JHU Computer Vision Machine Learning

Project Summary

GEAR (Grounded Early Adaptive Rehabilitation) is a collaborative research effort between the University of Delaware, University of California Riverside and Johns Hopkins University that brings together robotics engineers, cognitive scientists, and physical therapists, for the purpose of designing new rehabilitation environments and methods for young children with mobility disorders. The envisioned pediatric rehabilitation environment consists of a portable harness system intended to partially compensate for body weight and facilitate the children’s mobility within a 10 x 10 feet area, a small humanoid robot that socially interacts with subjects, trying to engage with them in games designed to make them maintain particular levels of physical activity, and a network of cameras capturing and identifying the motion in the environment and informing the robot so that the latter adjusts its behavior depending on that of the child.

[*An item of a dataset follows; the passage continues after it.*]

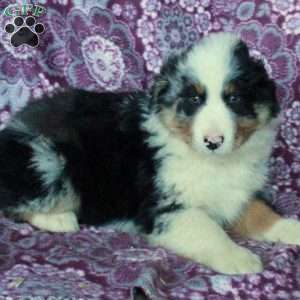 Ansel, Australian Shepherd Puppy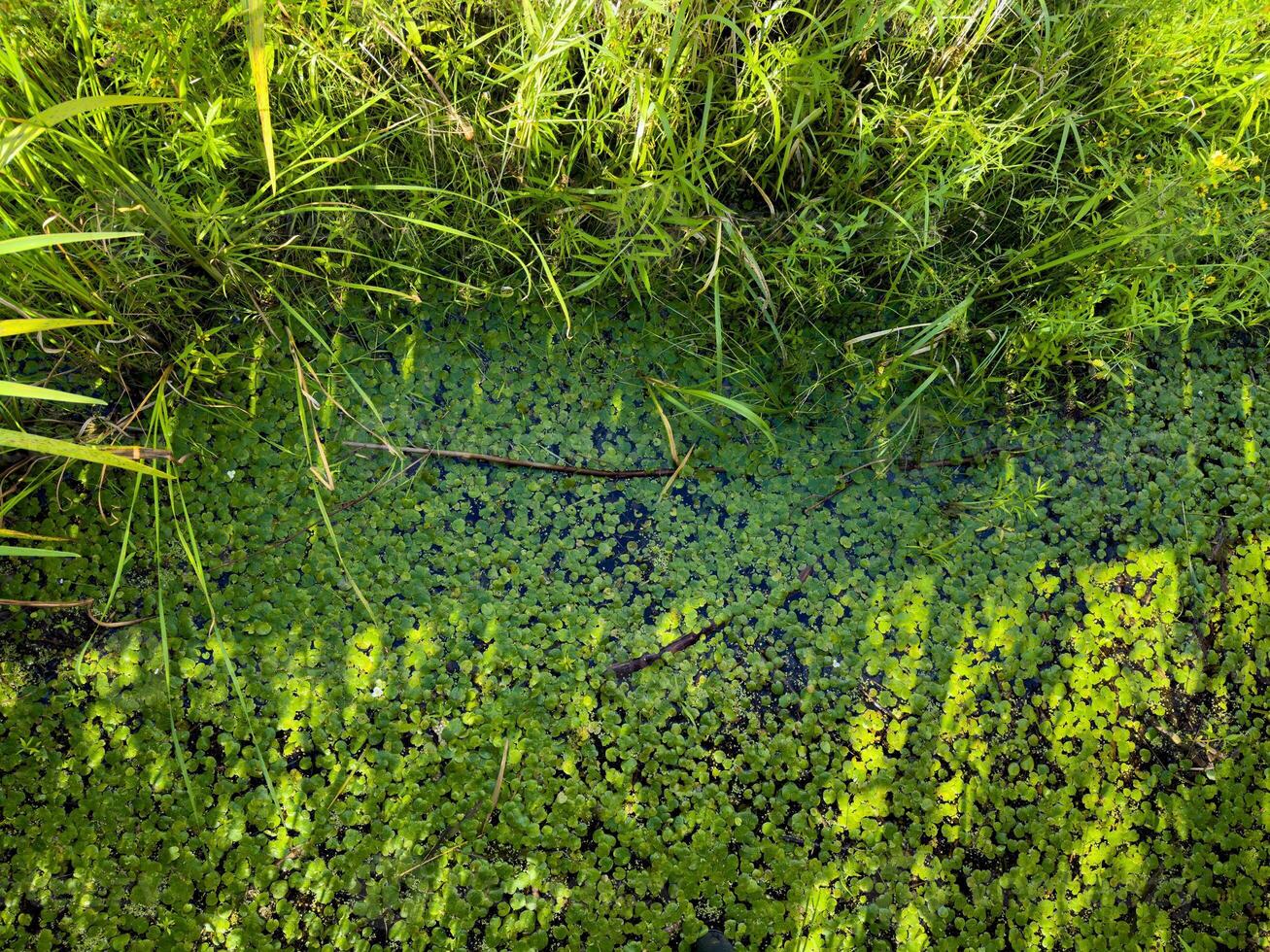 A detailed close-up shot of vibrant green water plants floating on the surface of a still wetland, surrounded by tall grasses. The image captures the rich textures and natural patterns of the foliage photo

The realization of this system presents unique new research challenges in the fields of pediatric rehabilitation, robot control, machine vision, and computational learning. One of them is to develop activity recognition methods, which are essential for facilitating children-robot interaction. Our team aims to develop highly interpretable, structured representations and models of children movements that capture spatial and temporal relationships among moving body parts, actions and activities, and can be automatically learned from multimodal time-series data.

Activity Models

We have been working on the development of a library of activity models that are specifically designed for children. However, we took strides along this goal by using datasets such as MSR Action 3D, MSR DailyActivity3D, Berkeley MHAD, which were collected from adults performing various activities, e.g., hand waving, clapping, jumping, drinking. In particular, we have worked on the development of so-called "moving poselets" [1], which are a library of movements associated with a specific body part configuration (e.g., hand moving forward). We used motion capture data from body parts to learn a library of moving poselets as well as activity classifiers based on moving poselets. This work was published in the Chalearn Looking at People Workshop at the International Conference on Computer Vision (2015) [1]. We then extended this work to video data by developing a spatiotemporal convolutional neural network model for predicting fine-grained activities that can be decomposed as a sequence of actions. This work was presented at the European Conference in Computer Vision (2016) [2].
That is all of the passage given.